Judge backs PayPal over CFPB in prepaid card case
A US federal judge has sided with PayPal in a lawsuit brought against the Consumer Financial Protection Bureau (CFPB) over recently introduced rules on prepaid cards and digital wallets.
PayPal sued the regulator in December 2019 in the US District Court for the District of Columbia, arguing that the prepaid rule forces it to make irrelevant disclosures that confuse customers.
Under the rule, PayPal and Venmo need to give customers “short form” fee disclosures containing categories – such as fees for ATM balance inquiries and electronic withdrawals – that are not relevant.
The suit says this has confused PayPal customers, who mistakenly think that they are being charged fees for a host of actions.

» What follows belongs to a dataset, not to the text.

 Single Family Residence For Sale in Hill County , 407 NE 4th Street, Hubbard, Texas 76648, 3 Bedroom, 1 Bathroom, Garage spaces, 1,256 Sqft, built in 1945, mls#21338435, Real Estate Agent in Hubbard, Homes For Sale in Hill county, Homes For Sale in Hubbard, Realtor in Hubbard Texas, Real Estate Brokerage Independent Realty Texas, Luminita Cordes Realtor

PayPal says it should not have been subjected to the rule, which is designed for providers of reloadable prepaid cards.
In his decision, US District Judge Richard Leon has sided with PayPal’s argument that the CFPB went beyond its jurisdiction with the rule.
He wrote, according to Reuters, that the regulator’s rulemaking authority under the Dodd-Frank Act did not allow it to decide how prepaid card and digital wallet firm disclose fees to their customers or to limit when credit cards can be linked to new accounts.
The CFPB says it does not comment on pending litigation while a PayPal spokesman tells Reuters that the firm is supportive of the regulator and of consumer protections.